For the past several days rising Nashville rock band Tramp Stamps has been getting viciously roasted online for being what’s known as an “industry plant.” The trio, who make pop-punkabout hating men, caught the wrath of TikTok users who called bullshit on the band’s Hot Topic aesthetic and sound. Tramp Stamps, which includes two songwriters signed to Dr. Luke’s music publishing company Prescription Songs, already had roots in the music industry before they started their band, and therefore, critics say, they’re “plants,” signed and manufactured by out-of-touch industry people.

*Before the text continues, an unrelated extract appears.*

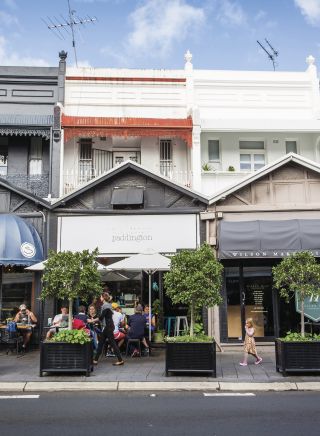 Cafes and shop fronts along the Five Ways, Paddington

Yes, Tramp Stamps are definitely corny. Their latest song “I’d Rather Die,” a chirpy pop-punk song capturing a strain of en vogue heteropessimism, includes the lyric “I’d rather die than hook up with another straight white guy.” They use language like “it’s some major fuckin tea” and “who’s ready to make men cry?” online, the likes of which I haven’t seen since reading Buzzfeed .gif lists circa 2014. The styling of this band has been gravely miscalculated, down to the painstakingly put-together Dolls Kill ensembles and freshly, perfectly matching hair dye. They call women “badasses.” “It’s the kind of stuff women talk about all the time with their friends, but no one’s ever put it to this kind of music before,” one member says of their music on the band’s site. I have to imagine a quick flip through bands or artists like Bikini Kill, L7, Poly Styrene, Sleater-Kinney, or literally any explicitly feminist punk band from the last 50 years might correct that misconception.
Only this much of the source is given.